I recently received two albino longfin bristlenose plecos through the mail, and I have since noticed what looks like ick on the two platies that live in the tank with them. I started treating for it with Ick Away (half dose for 3 days, per the instructions) and raised the temperature to 82F and added aquarium salt gradually to the tank (all this over the course of 5 days). I've been worried that the plecos might have it as well, but it's hard to tell, as they are very white, and so are the visible signs of ick. Today, I saw something that I think might be ick on one of the plecos' fin, and I would like to know whether it is. I have attached a picture.

This tank:
9 gallons, fully cycled for several months now
ph: 6.5, nitrites: 0, nitrates: just over 0
temp: 82 (usually 76)

Occupants:
2 male platies
2 albino longfin bristlenose plecos (young, roughly 2")
live plants

I know what you are thinking, and I am not planning on keeping both plecos in this small tank. One is for my mother's 42 gal (but I don't want to put it in her tank until I am sure it is not sick), and I am hoping to be able to afford an upgrade for mine by the time the pleco grows up (I'm also hoping that he lives long enough for that to happen).

I always keep up my tank with frequent small water changes, and I haven't had any problems with no2/no3 levels since I have had fish present, so I can only guess that the ick is due to adding fish without quarantining first (bad, I know, but no tank to do it in). The platies may have been stressed from an unusually aggressive dwarf gourami who lived with them previously but had to find another home because of his bad behavior.
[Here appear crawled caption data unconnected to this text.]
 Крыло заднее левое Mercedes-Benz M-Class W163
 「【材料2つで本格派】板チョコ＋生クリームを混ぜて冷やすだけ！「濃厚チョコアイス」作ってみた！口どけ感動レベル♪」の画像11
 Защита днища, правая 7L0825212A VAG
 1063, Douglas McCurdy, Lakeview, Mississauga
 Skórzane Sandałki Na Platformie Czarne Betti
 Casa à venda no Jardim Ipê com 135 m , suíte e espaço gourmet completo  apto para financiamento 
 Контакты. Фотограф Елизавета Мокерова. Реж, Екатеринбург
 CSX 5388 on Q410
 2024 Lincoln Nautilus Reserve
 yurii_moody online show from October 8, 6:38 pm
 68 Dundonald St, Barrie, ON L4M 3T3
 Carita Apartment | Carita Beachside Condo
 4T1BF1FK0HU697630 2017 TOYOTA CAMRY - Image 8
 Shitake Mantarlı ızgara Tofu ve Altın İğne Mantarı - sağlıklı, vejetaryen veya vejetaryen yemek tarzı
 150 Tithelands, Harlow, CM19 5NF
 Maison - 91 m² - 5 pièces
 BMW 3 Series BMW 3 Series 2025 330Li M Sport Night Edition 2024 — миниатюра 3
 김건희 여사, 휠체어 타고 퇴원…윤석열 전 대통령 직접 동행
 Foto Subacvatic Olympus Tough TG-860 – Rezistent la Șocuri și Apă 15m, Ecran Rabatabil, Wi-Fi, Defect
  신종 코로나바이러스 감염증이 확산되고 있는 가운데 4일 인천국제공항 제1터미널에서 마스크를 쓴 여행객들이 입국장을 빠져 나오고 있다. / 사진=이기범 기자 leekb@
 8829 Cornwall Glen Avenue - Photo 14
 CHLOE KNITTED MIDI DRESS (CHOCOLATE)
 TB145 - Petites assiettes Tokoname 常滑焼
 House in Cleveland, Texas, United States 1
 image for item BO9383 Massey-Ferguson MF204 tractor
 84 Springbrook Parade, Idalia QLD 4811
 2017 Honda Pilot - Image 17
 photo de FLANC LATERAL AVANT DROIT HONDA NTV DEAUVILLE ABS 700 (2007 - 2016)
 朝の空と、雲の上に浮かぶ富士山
I am worried about treating the ick because I know how sensitive the plecos are. If anyone has any experience with ick and plecos, please give me your advice. Or, if the photo looks like something other than ick, please tell me.
There is so much conflicting information online that I am not sure what is the best course of action.

Thank you in advance for any help you can give me.


----------



## swimmy (Jun 13, 2009)

*Additionally...*

I have read and appreciate the articles posted on various methods of treating ick, but I want to be sure that I am using the right one for my particular situation and that my problem is actually ick and not something else.
Thanks again.


----------



## lohachata (Jan 27, 2006)

i do believe that your fish have ick...it is possible that it came in with the plecos.. you most likely will not see any spots on the plecos ; but it is there.. on their gills.. that is the first place it hits plecos..
on the really rare occasion any of my fish get ick ; the only treatment i use is raising the temp to 84-86 degrees F , and treating with Aquari-Sol.....usually cured within 4 days.. but stubborn cases may take as long as 2 weeks..

no reason why you can't keep 2 platies and 2 LF ABN's in a 9 gallon tank.. as long as you have good filtration and do 30% water changes every week..


----------



## Osiris (Jan 18, 2005)

I 2nd Loha's recommendation, the Water Temp increase will increase the Ich parasite life cycle, and the fish will handle it just fine.


----------



## swimmy (Jun 13, 2009)

Thank you both!


----------